According to Peter I’s plans Konstantinovsky Palace was supposed to surpass the famous French Versailles. But due to the circumstances the construction stopped for forty years. It was used as wine storage.

At the end of the 18th century the new owner of Strelna, Prince Constantine Pavlovich immediately resumed the construction, which resulted in the finished silhouette and modern look.

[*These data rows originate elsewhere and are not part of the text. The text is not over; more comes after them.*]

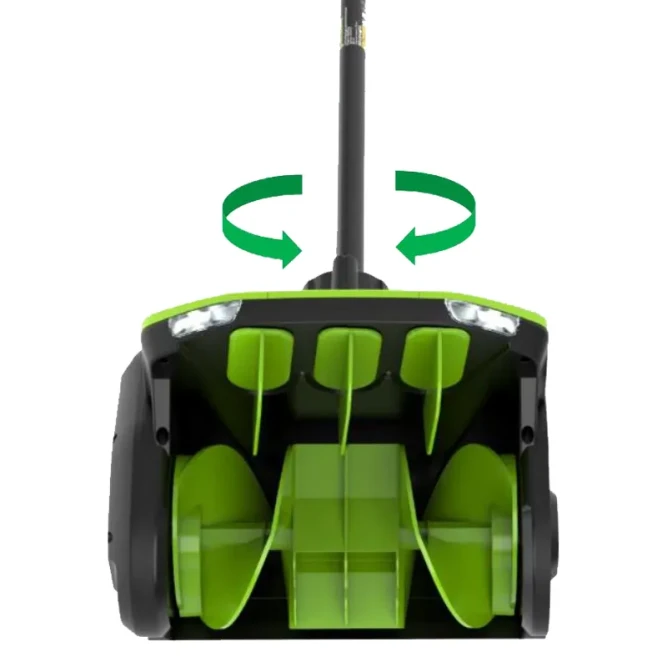 Снегоуборщик аккумуляторный Greenworks GD60SS2, 60V, 30 см, с регулируемым направлением выброса, бесщеточный, c 1хАКБ 4Ач и ЗУ в Екатеринбурге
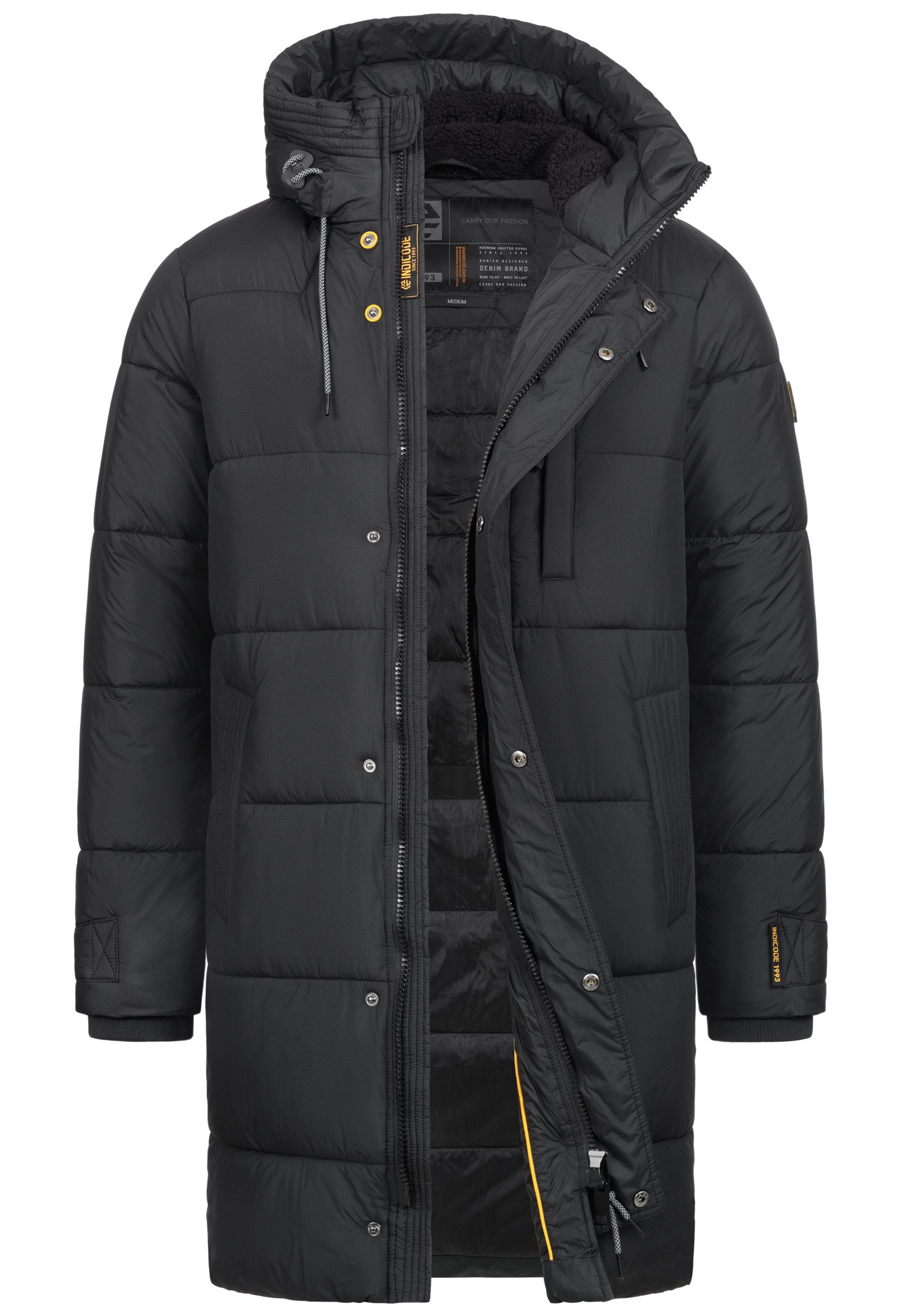 Indicode Wintermantel Herren INStuds Jacke Winter Herrenjacke Herren Parka günstig online kaufen
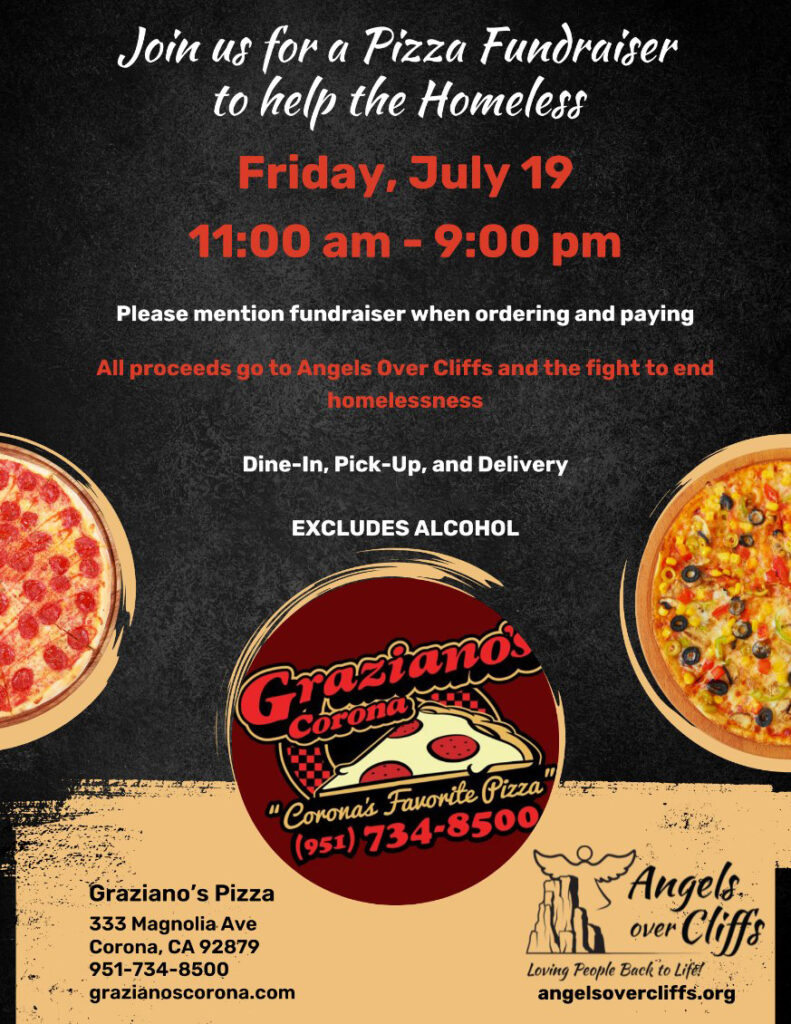 Graziano's Pizza Angels over Cliffs Fundraiser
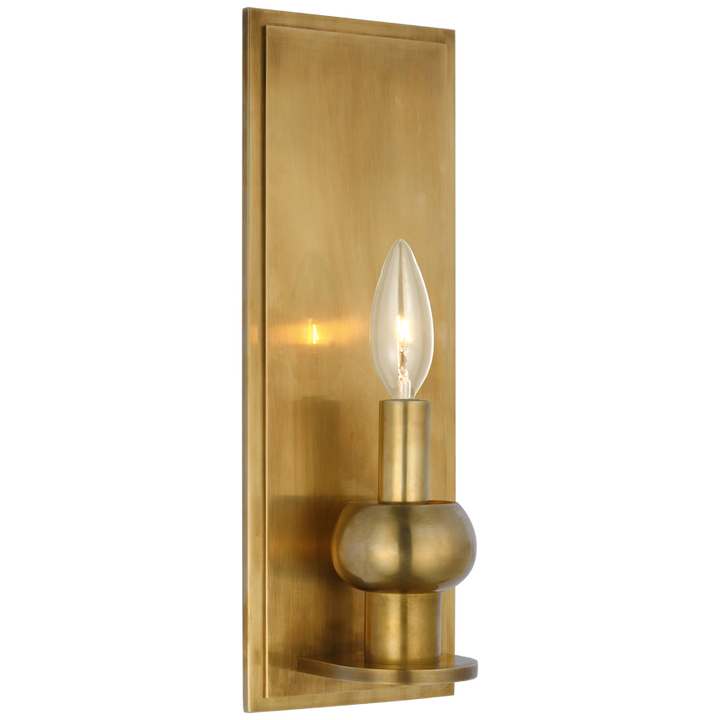 Coma Medium Sconce-Visual Comfort-VISUAL-PCD 2102HAB-Wall ArtHand-Rubbed Antique Brass-2-France and Son
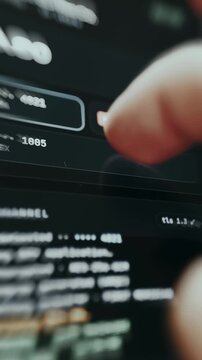 User selects the AMEX credit card option for financial transaction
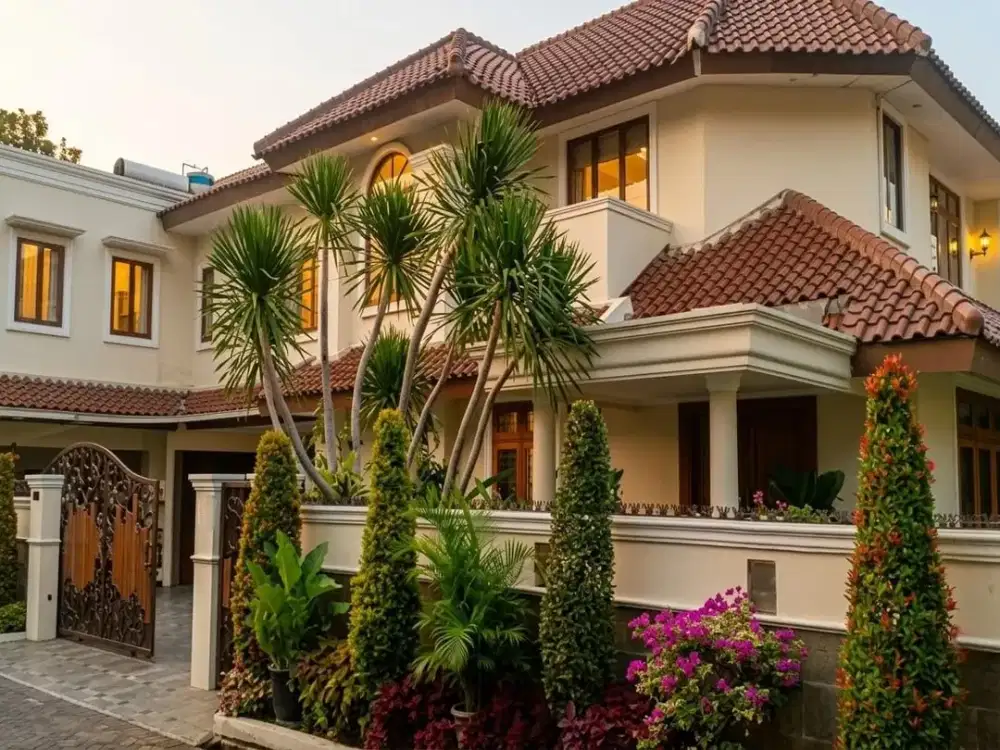 Rumah Hoek 2Lt Dengan Private Pool di Cempaka Lestari Lebak Bulus
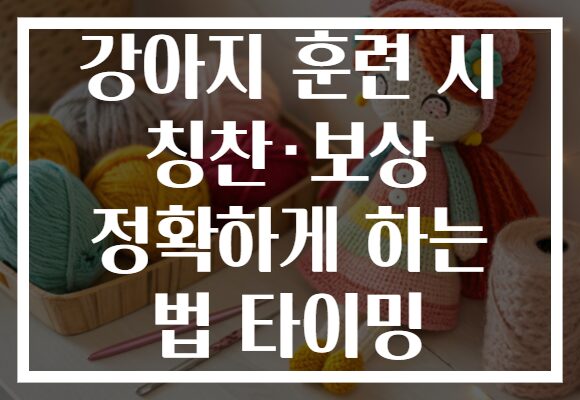 강아지 훈련 시 칭찬·보상 정확하게 하는 법 타이밍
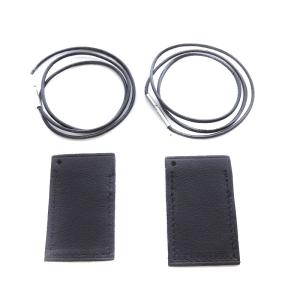 HERMES シンボルネックレス SYMBOLE ペア ペンダント シルバー色 /SR51 OH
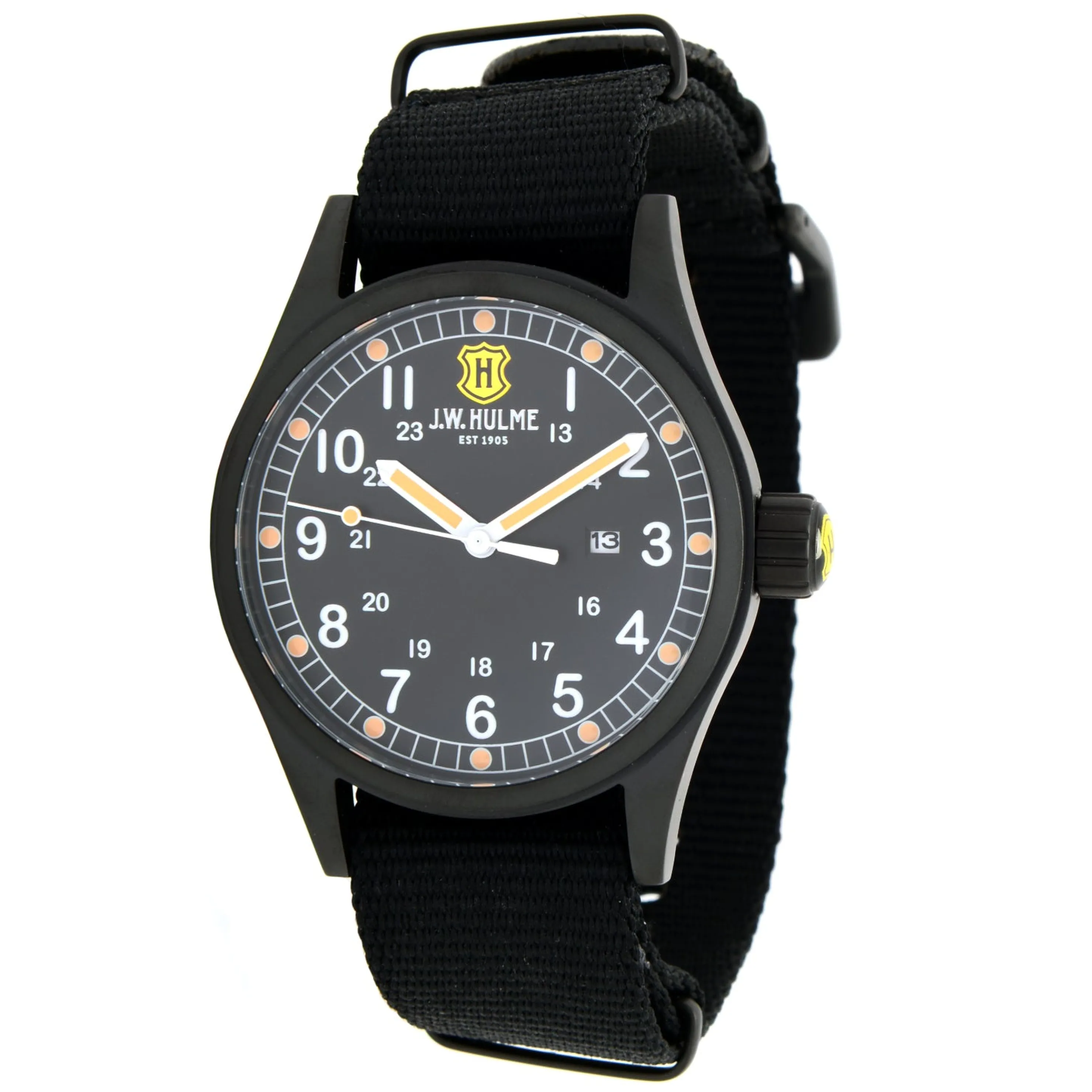 Hot 42Mm Quartz Date Nylon Strap Watch Men's Watches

After the death of Constantine Pavlovich the estate passed to his namesake, Constantine Nikolaevich, the son of the Emperor Nicholas I. After the revolution all the valuables: books, papers, the rich collection of paintings and ceramics, personal belongings of the imperial family, were taken away. Some of them settled in museums, the others were lost. The residence was occupied by a school - colony. During the Second World War, the palace and park ensemble of Strelna was virtually destroyed. For many years the palace and the park remained in ruins. But after the decades of neglect the once beautiful suburban residence was remembered of. By the 300th anniversary of the founding of St. Petersburg the palace and park ensemble of Strelna were completely restored.